5. The method according to any one of the preceding claims, characterized in that such or such is predetermined as the first keyword or first keyword sequence, the / which regularly contains a digit or a section as a second keyword or second keyword sequence, and that a speech recognition system adapted to the digit recognition is used as the second speech recognition system.

6. The method of claim 5, d a d u r c h g e k e n n z e i c h n e t that one of the words "number", "telephone number", "date" or "time" is predetermined as the first keyword and the second keyword sequence is a string of digits or date or time.

7. The method according to any one of the preceding claims, characterized in that it has more than two detection steps, each using a specific speech recognition system.

8. The method according to any one of the preceding claims, characterized by the application for voice control of a computer or a device controlled by a computer or a telecommunications or consumer electronics device.

9. Device (100; 200) for carrying out the method according to one of the preceding claims, with a first speech recognition system (102; 202) for detecting the occurrence of a predetermined first keyword or a keyword sequence in a continuous speech stream, a second speech recognition system (106 ; 206) for detecting the occurrence of a predetermined second keyword or a second keyword sequence following the first keyword or the first keyword sequence in the continuous voice stream and a voice recognition sequence control (103; 203) for the initial activation of the first voice recognition system and for the conditional later Activation of the second speech recognition system as a function of a detection result of the first speech recognition system, the first and second speech recognition systems having first and second vocabulary memories (102b, 106b; 202b, 206b) with different words have chat.

10. The device according to claim 9, characterized by a buffer memory, in particular ring buffer (105; 205, 210) for buffering the continuous speech stream to bridge a processing time of the first speech recognition system (102; 202) for detecting the first keyword or the first keyword sequence.

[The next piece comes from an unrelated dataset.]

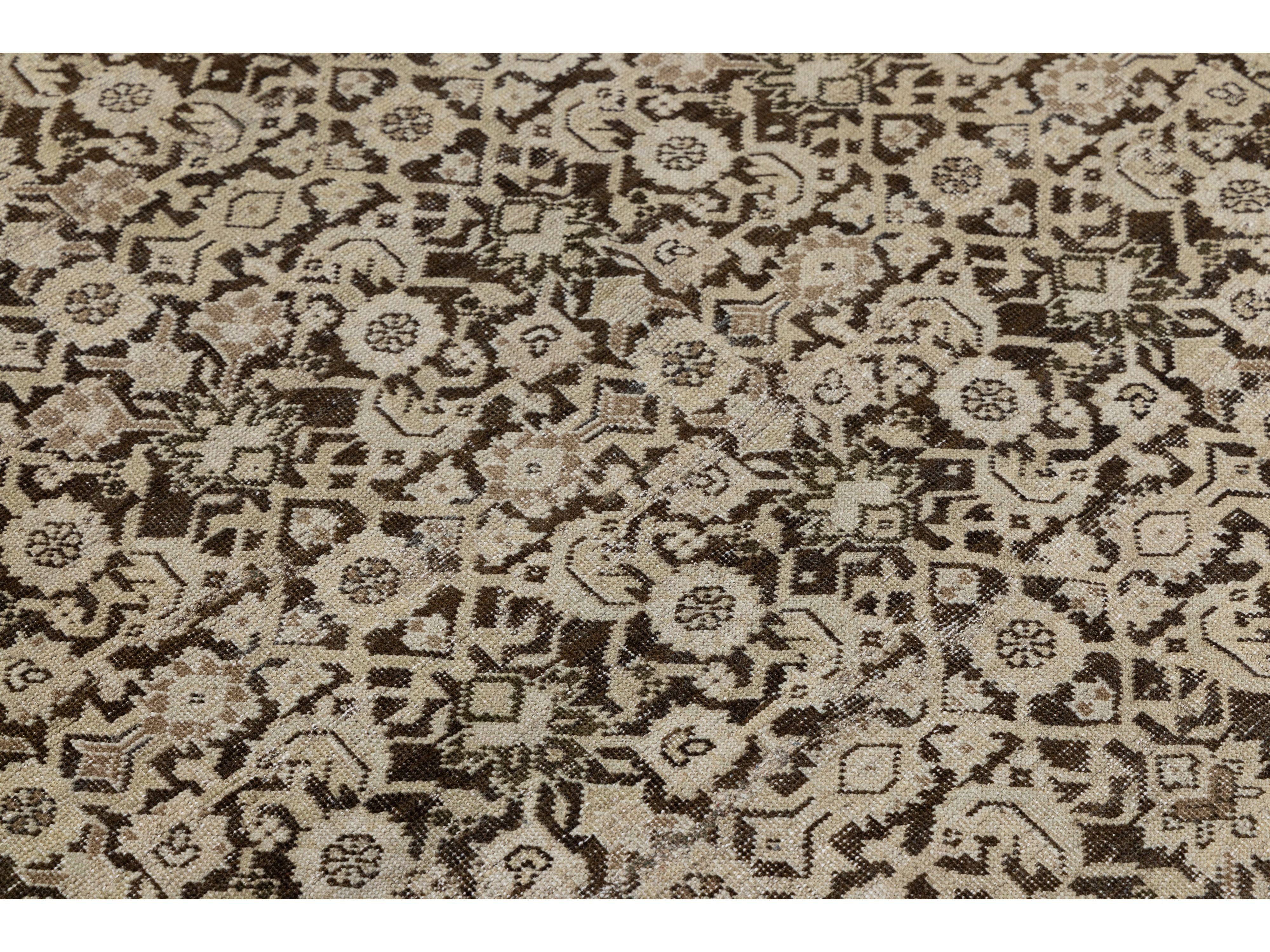 Antique Malayer Wool Runner Rug 7 X 19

11. Apparatus according to claim 9 or 10, characterized in that more than two speech recognition systems (202, 206, 211) are provided for the graded conditional detection of more than two interrelated keywords or keyword sequences.

12. Device according to one of claims 9 to 11, characterized by a keyword memory (104, 107; 204, 207, 212) assigned to each speech recognition system and a sequence memory (108; 208) connected to the keyword memories for the orderly storage of one of the memory contents of the Keyword memory composite sequence.